A novel wormhole-like mesoporous hybrid MnCoOx catalyst for improved ethanol catalytic oxidation

Abstract

A series of wormhole-like mesoporous hybrid MnCoOx catalysts have been successfully prepared using a soft template combining the sol-gel method. The physical and chemical properties of these mesostructured materials are systematically characterized using XRD, BET, Raman, XPS, HRTEM, H2-TPR and O2-TPD and compared with pure MnOx and Co3O4. Their catalytic performances for ethanol oxidation are investigated and carried out on a fixed-bed reactor. It is found that the molar ratio of transition metal precursors has a remarkable influence on the nanoparticle morphology, open-framework structure dispersion, surface element distribution, and redox property.

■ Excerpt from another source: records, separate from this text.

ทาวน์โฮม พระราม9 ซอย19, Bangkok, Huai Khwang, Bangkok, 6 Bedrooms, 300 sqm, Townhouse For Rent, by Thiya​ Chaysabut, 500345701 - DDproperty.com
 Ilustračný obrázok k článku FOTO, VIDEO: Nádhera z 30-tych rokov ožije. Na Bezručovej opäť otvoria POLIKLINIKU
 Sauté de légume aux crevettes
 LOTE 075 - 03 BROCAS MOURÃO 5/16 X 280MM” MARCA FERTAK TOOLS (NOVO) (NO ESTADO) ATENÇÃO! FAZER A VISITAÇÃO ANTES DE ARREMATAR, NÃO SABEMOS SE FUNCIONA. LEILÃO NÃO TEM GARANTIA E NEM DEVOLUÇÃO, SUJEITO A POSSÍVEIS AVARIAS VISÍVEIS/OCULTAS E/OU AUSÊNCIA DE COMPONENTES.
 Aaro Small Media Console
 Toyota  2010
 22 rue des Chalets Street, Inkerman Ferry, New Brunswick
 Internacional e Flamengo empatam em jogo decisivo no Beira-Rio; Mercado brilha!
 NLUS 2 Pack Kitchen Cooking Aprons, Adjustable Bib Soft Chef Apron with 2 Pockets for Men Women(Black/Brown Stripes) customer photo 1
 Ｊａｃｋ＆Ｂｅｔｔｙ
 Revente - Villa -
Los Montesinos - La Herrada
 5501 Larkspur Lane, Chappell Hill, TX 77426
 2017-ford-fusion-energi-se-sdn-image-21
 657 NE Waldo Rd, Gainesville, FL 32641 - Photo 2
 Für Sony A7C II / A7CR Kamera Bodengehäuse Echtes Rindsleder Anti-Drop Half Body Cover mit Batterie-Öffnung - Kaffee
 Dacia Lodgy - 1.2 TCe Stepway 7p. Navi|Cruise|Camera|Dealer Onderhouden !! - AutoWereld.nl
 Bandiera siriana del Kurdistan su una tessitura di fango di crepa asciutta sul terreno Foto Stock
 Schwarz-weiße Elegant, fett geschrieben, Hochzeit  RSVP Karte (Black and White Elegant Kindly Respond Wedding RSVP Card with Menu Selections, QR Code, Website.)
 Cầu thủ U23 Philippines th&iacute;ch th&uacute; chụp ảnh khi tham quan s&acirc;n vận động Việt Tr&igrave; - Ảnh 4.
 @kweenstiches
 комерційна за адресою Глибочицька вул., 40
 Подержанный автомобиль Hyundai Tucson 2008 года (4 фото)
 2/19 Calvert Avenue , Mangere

Among the MnCoOx catalysts, Mn1Co1 catalyst composed by uniform worm-like nanoparticles shows the highest BET surface area (208 m2/g), most surface proportion of Co3+ and Mn4+ (18.7%), lowest reducibility potential and best catalytic activity (T50 = 80 °C) as well as an excellent CO2 selectivity (S170 = 100%) with a GHSV of 60,000 mL·(g·h)−1. Based on the structure-function analysis of catalysts, it is deduced that the synergistic effect between Mn and Co in MnxCo1−xOy solid solution and proton scavenger addition in preparation can improve the mesostructured, active sites distribution and catalytic performance. Consequently, it can be expected that the mesoporous hybrid MnCoOx catalysts are promising materials for catalytic removal of VOCs, and the related results in this research would also provide some new insights into the porous composite material design and application exploration for ethanol catalytic oxidation.